Frank West stanie się zombie w kwietniowym fabularnym DLC do Dead Rising 4
Firma Capcom zapowiedziała dodatek fabularny do Dead Rising 4 zatytułowany Frank Rising. Ukaże się on 4 kwietnia na Xboksa One i Windowsa 10, a tydzień później trafi również na Steama.
Do tej pory miłośnicy serii Dead Rising znali Franka Westa jako najgorszy postrach zombie, zdolny wybić hordę żywych trupów niemal wszystkim, od karabinu maszynowego po patelnię. Zapowiedziane niedawno DLC do czwartej odsłony cyklu nieco to zmieni, bo tym razem nasz bohater sam przemieni się w nieumarłego. Zatytułowane Frank Rising rozszerzenie trafi do graczy już w następnym miesiącu: 4 kwietnia na Xboksie One oraz komputerach wyposażonych w system operacyjny Windows 10 lub 11 kwietnia, jeśli zakupiliście grę przez platformę Steam. Planowana cena dodatku dla osób nieposiadających przepustki sezonowej to 9,99 euro (około 43 złote).
Zamiana głównego protagonisty w zombie nie sprawi, że automatycznie znajdziemy się po przeciwnej stronie barykady. Tracący swoje człowieczeństwo Frank będzie musiał znaleźć dla siebie serum, jednocześnie pomagając grupie ocalałych w wydostaniu się z zainfekowanego miasta, zanim siły rządowe obrócą je w ruiny. Poważniejszych nowości doczekamy się za to w samej rozgrywce. Jako żywy trup nasz bohater otrzyma całe spektrum specjalnych zdolności, jednak będzie musiał nieustannie polować na innych nieumarłych, by zaspokoić swój nowo odkryty apetyt na mózgi.

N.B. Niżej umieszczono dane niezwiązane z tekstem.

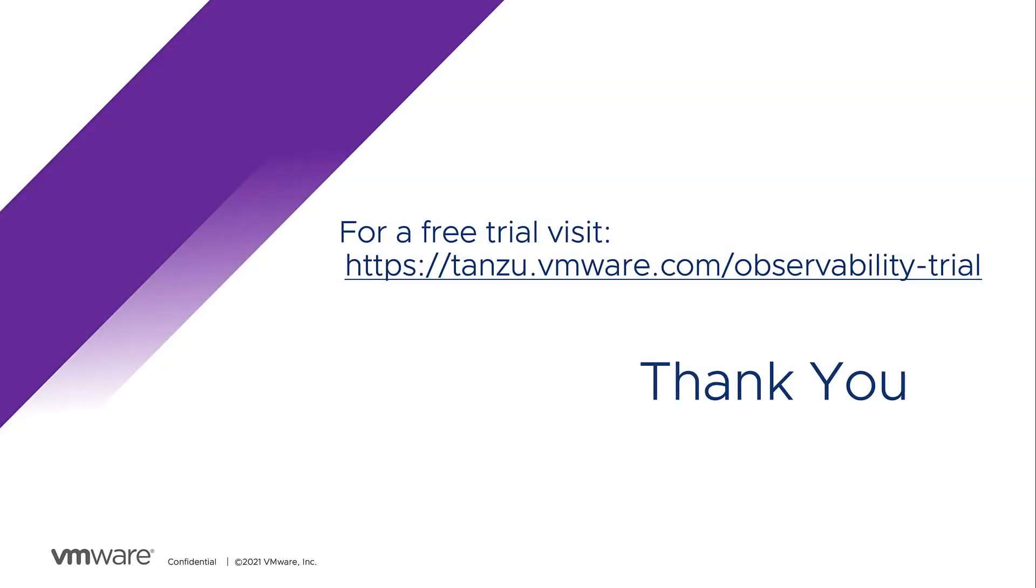I hope this video has helped you understand how easy it is to get your open telemetry trace data into Tanzu observability using the new open telemetry collector exporter for Tanzu observability by wavefront. Thank you for watching.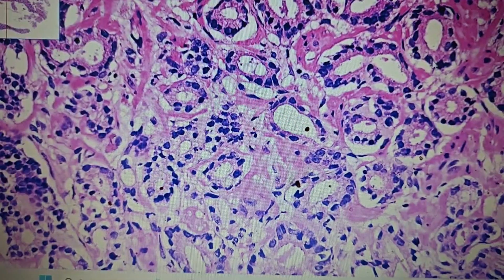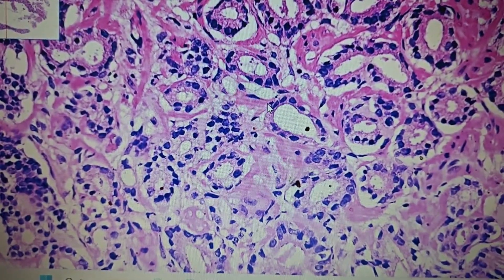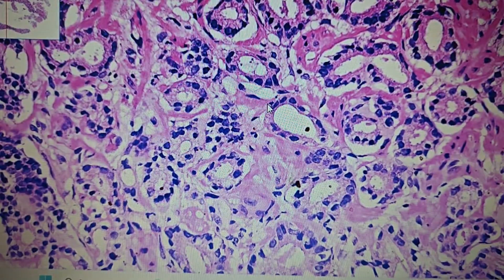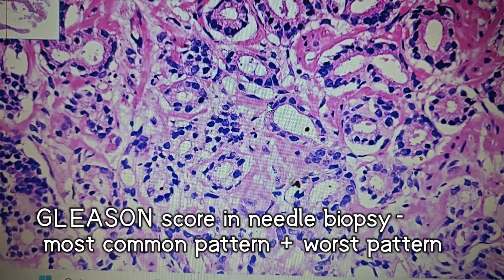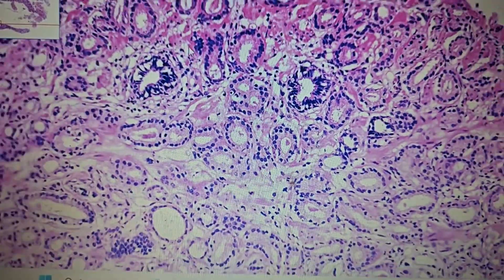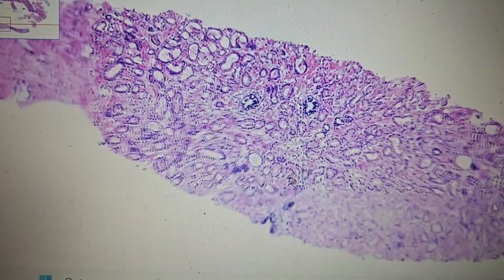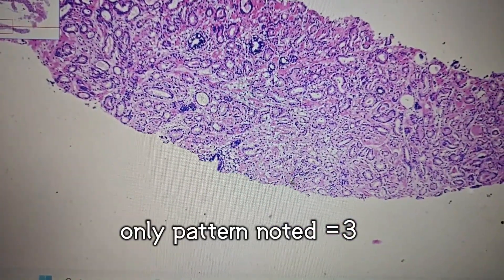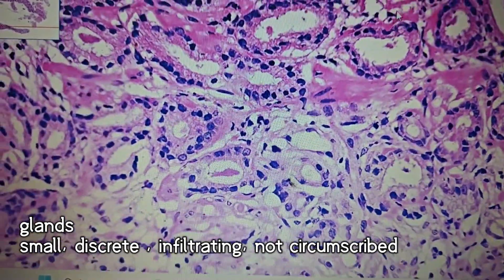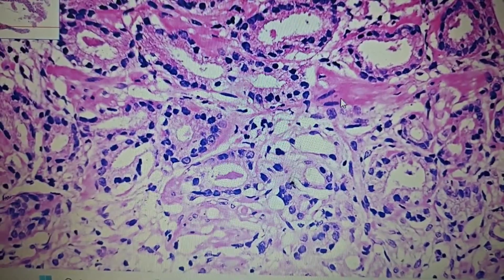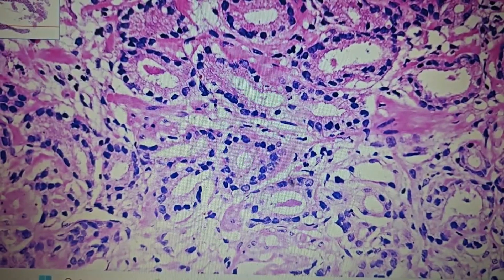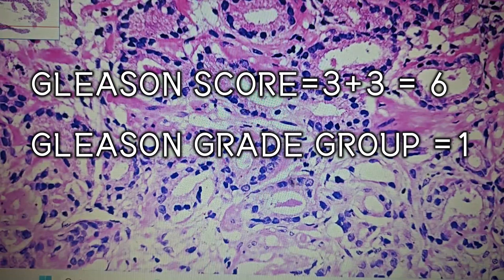If these glands were fused with no intervening stroma, we would give a pattern of 4, but here the stroma is present, so we give Gleason pattern 3. In the needle biopsy specimen, for Gleason scoring we follow the rule of scoring the most common pattern followed by the worst pattern. In this needle biopsy specimen, there is only a single pattern — pattern 3 — with small, discrete, crowded infiltrating glands separated by some stroma. So we give a Gleason score of 3+3.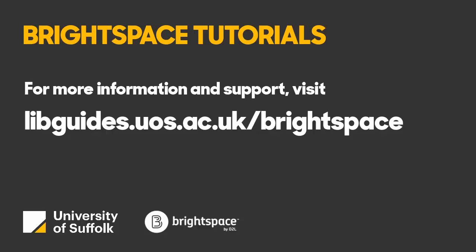For more information about Brightspace, visit our LibGuides pages on libguides.uos.ac.uk forward slash Brightspace. Here you'll find details about support or training, what to do if you have specific questions, as well as a range of tutorials and FAQs. Thank you.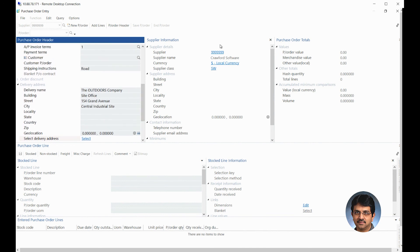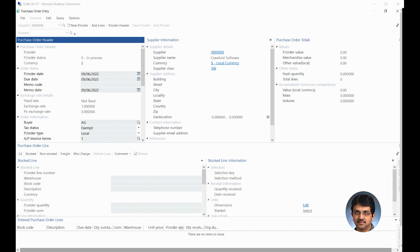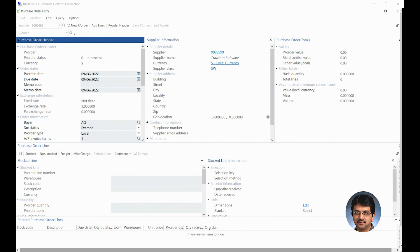On the right side here, you are seeing the supplier information. This completes the first part of our process on how to create a purchase order with the header section. Check back for our second part on how to create a purchase order by adding the stock line. Thank you.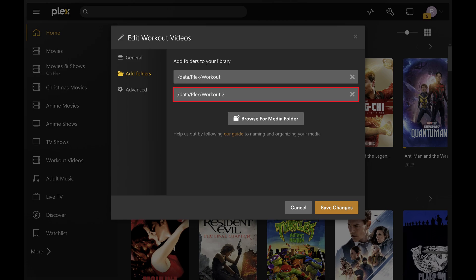You'll now see that folder added to your Plex library, and the content in that folder will be scanned and added to that Plex library. Additionally, if you want to remove the old folder, all you need to do is click the X next to it. And finally, if you have multiple Plex libraries that you want to move, you'll need to repeat this process for all of them.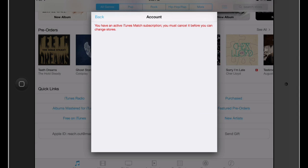Now here's a tricky thing. Because I have iTunes Match turned on and I subscribe to it, it doesn't let you change the country for whatever reason. I'm not quite sure the reason behind that, but you actually have to cancel the whole subscription before you can change countries. I'm not going to do that right now, but that is something that you would have to do.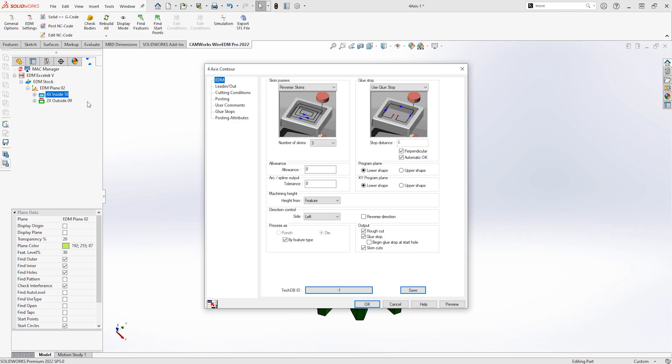These features that are found can then be edited, giving you full control of how you want to perform the wiring process on each individual feature.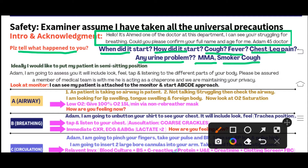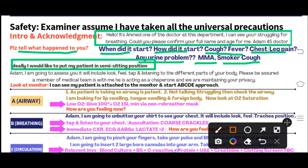Ask about MMA — any previous medical conditions, any medications the patient is taking, and any allergies. Also ask about smoking history, as this is very important. If the patient is struggling with breathing, verbalize loudly to the examiner: 'I would like to put my patient in a semi-sitting position.' There is no need to physically move the patient — just verbalize it. Then say to the patient: 'I am going to assess you. It will include look, feel, tap, and listen to different parts of your body. A member of the medical team is with me acting as a chaperone.'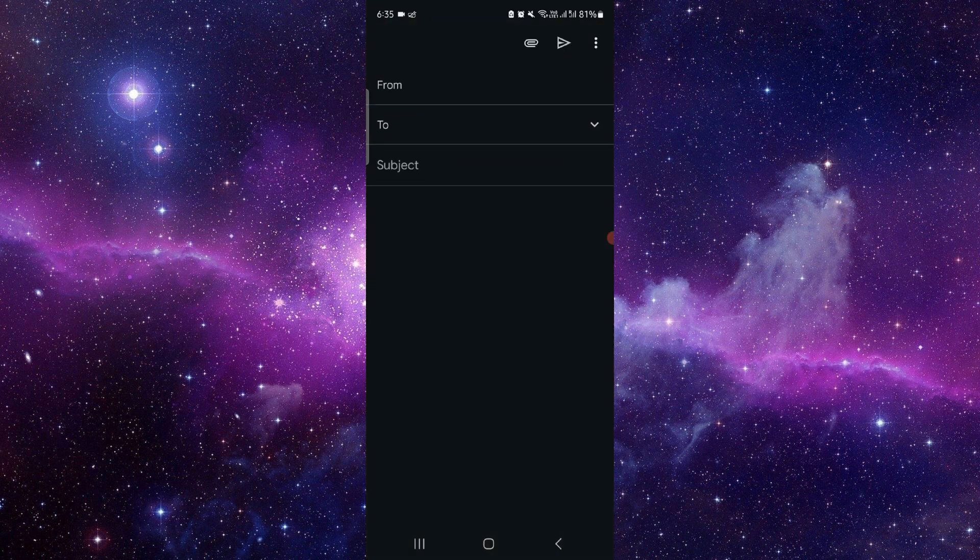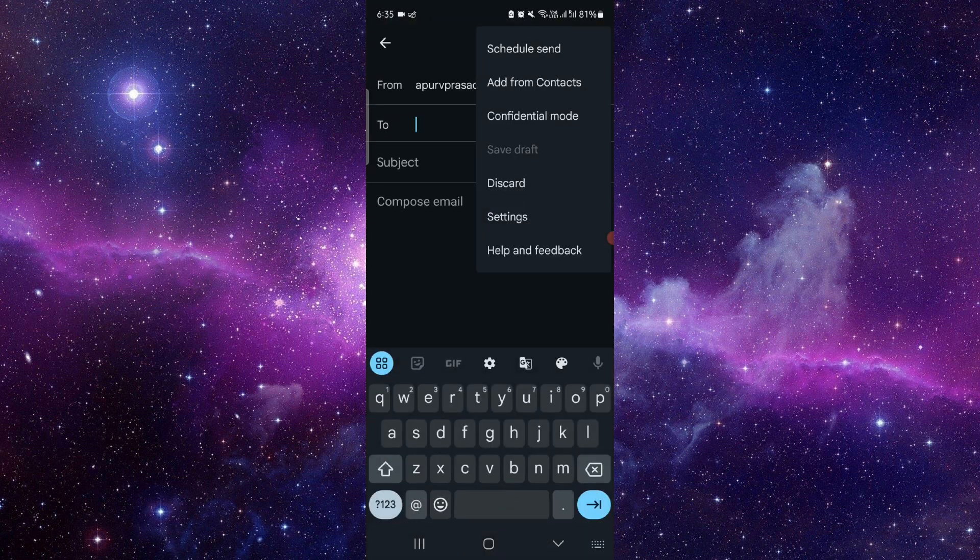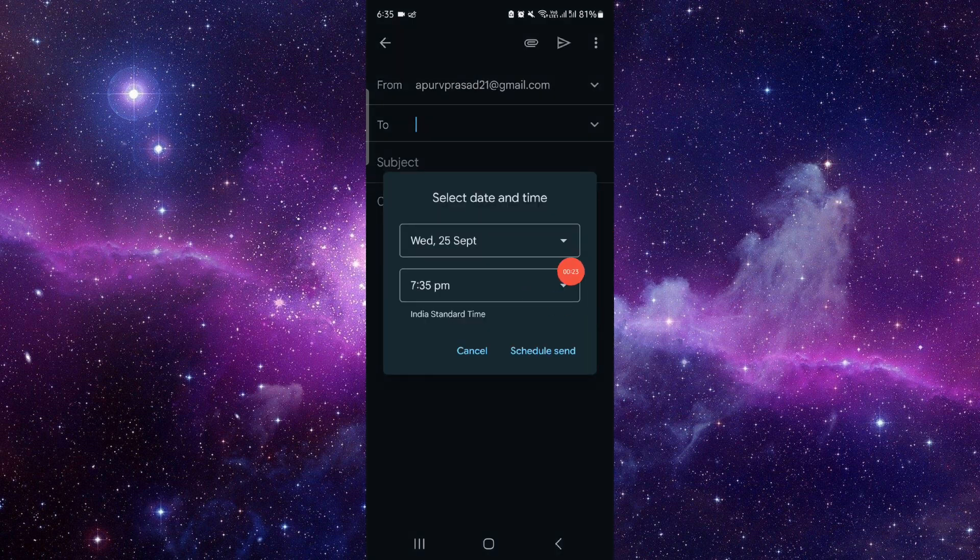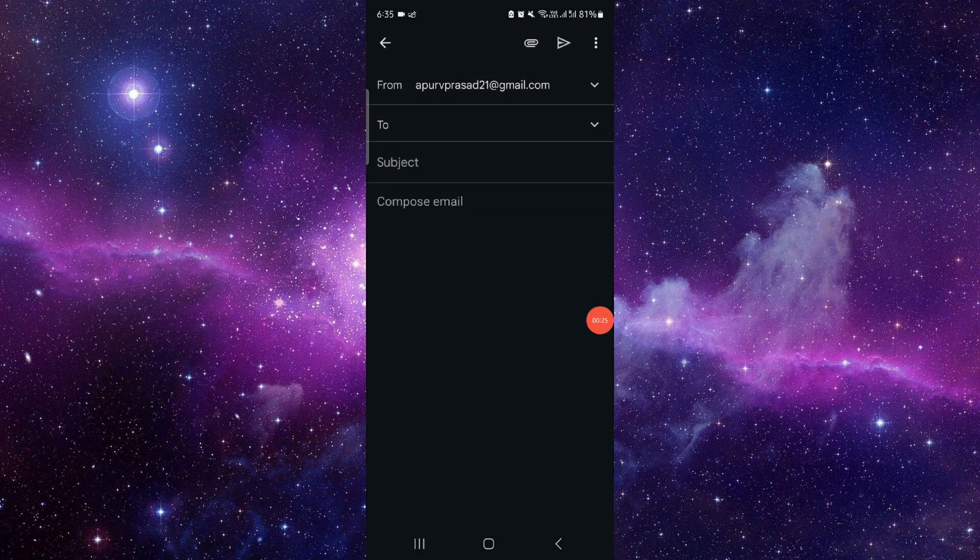Click on compose. After writing your email, click on schedule and send. Pick the time from here, and then you can send it. That's all there is to it.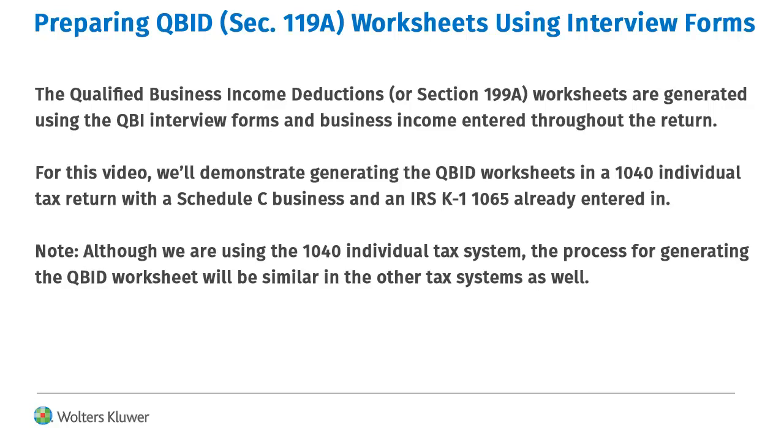In this demonstration, we'll generate the QBID worksheets in a 1040 individual return with a Schedule C business and an IRS K-1 1065 pass-through entity that have already been entered in the return.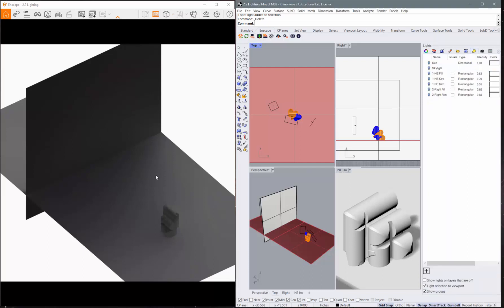All right, so I wanted to go ahead and show you a few different lighting types in Rhino. We're going to stick with the rectangular light, but you should at least know that there are other versions of lights.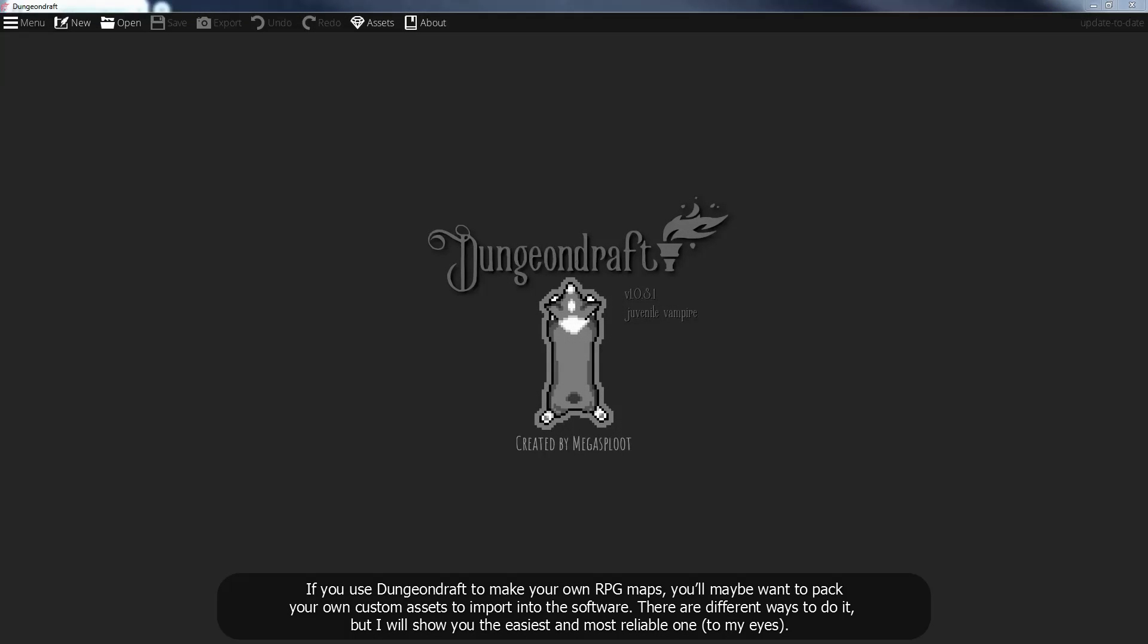If you use Dungeon Draft to make your own RPG maps, you'll maybe want to pack your own custom assets to import into the software. There are different ways to do it, but I will show you the easiest and most reliable one.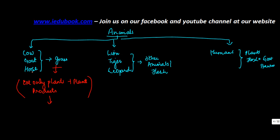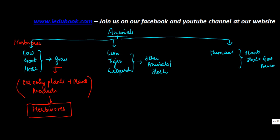This category of animals which just eat plants or plant products are known as herbivores. Or actually I should put this here because this is the heading.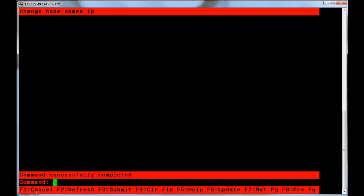After setting up an SSH session to your CM, the first step in administering a SIP trunk is to provision a node name for the far end. This is done via the Change Node Names IP command.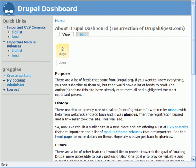Drupal masters, it's time to go have some fun with your website. This is Greg Kanadison exploring Drupal so you don't have to.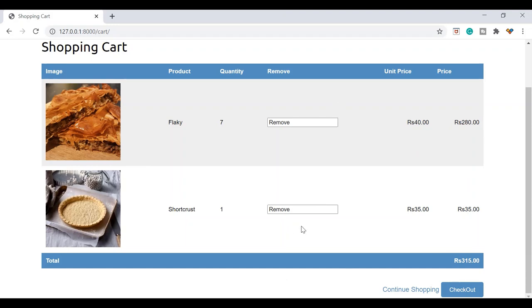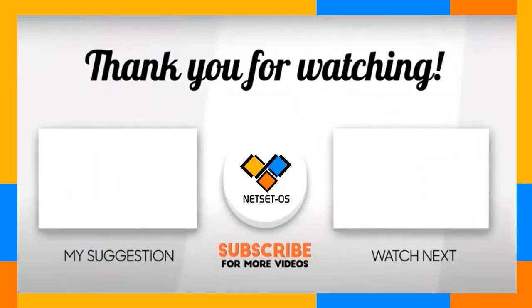So we got our shopping cart ready. Hopefully you enjoyed it — let's do more activities in the next videos. Till then take care, bye bye, thank you for watching.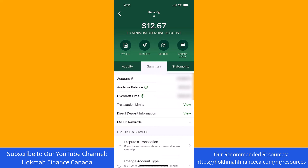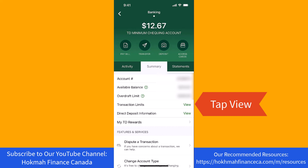Under Summary, you will see a section for transaction limits. Beside it is a View option. Tap on View.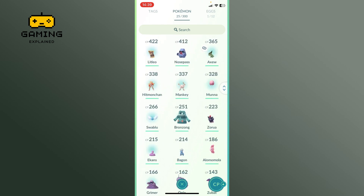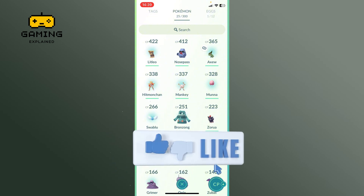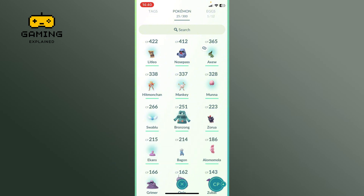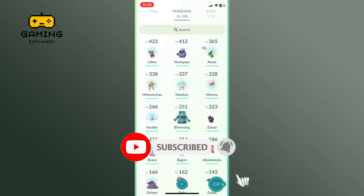So this is how to see your Pokémon collection on Pokémon GO. Thank you for watching Gaming Explained. Hope this video was helpful. If it was, hit the like button and comment down if you have any questions. Also, if you are new to our channel, please subscribe and hit the bell icon so that you don't miss our upcoming videos.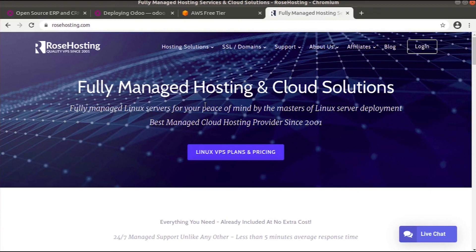This is about how you can choose a better server for Odoo. Choose your web server wisely. That is all, thank you.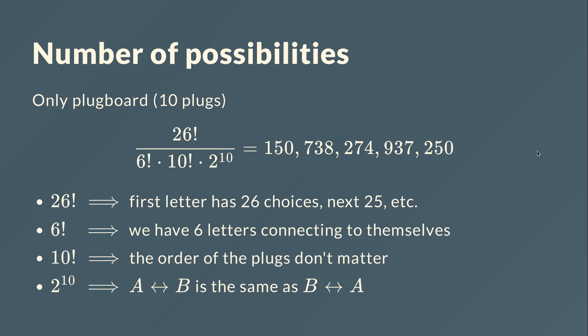Let's look at the number of possibilities if we only had the plug board. That would be 26 factorial over 6 factorial times 10 factorial times 2 to the power 10. 26 factorial because for the first letter we have 26 choices, for the next 25 choices, and so on. We divide by 6 factorial because 6 letters are connected to themselves. We divide by 10 factorial because the order of the plugs don't matter. We can also divide by 2 to the power 10 because if A is connected to B it's the same as if B is connected to A.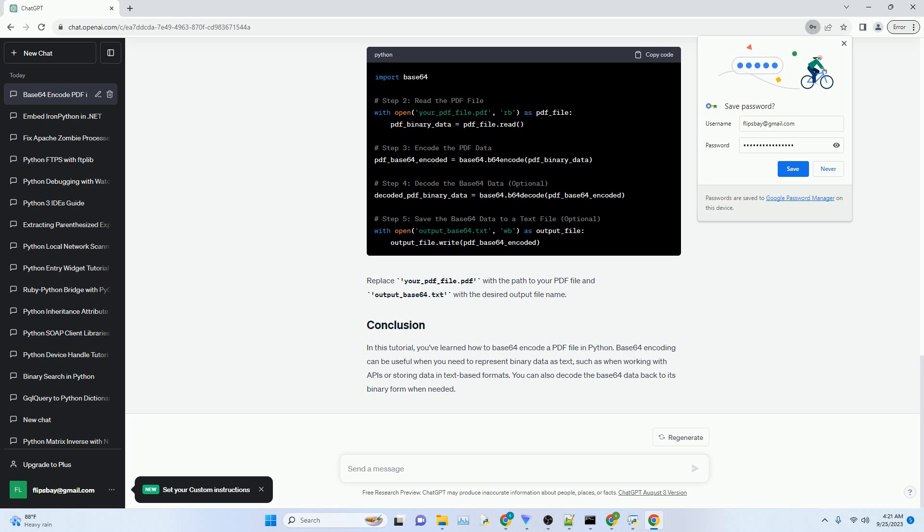In this tutorial, you've learned how to Base64 encode a PDF file in Python. Base64 encoding can be useful when you need to represent binary data as text, such as when working with APIs or storing data in text-based formats. You can also decode the Base64 data back to its binary form when needed.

Na tym rozszerzeniu temat DLC do Dead Rising 4 wcale się nie kończy. Twórcy już zapowiedzieli, że pracują nad Super Ultra Dead Rising 4 Mini Golf, dodatkiem, który jako przerwę od przebijania się przez hordy nieumarłych zaoferuje nam partyjkę w golfa – oczywiście z takimi atrakcjami jak power-upy, zabijanie zombie czy Frank West w roli komentatora. W rozszerzeniu tym będziemy mogli bawić się zarówno samodzielnie, jak i w czteroosobowym sieciowym trybie wieloosobowym lub turowej rozgrywce ze znajomymi przed jednym ekranem.
Podstawowa wersja Dead Rising 4 trafiła na Xboksa One oraz wyposażone w Windowsa 10 komputery w grudniu ubiegłego roku, a od 14 marca można ją kupić także za pośrednictwem platformy Steam. Produkcja kanadyjskiego oddziału studia Capcom zebrała całkiem przyzwoite oceny, choć nie wszystkie zmiany, wprowadzone do znanej do tej pory formuły rozgrywki, dobrze się przyjęły.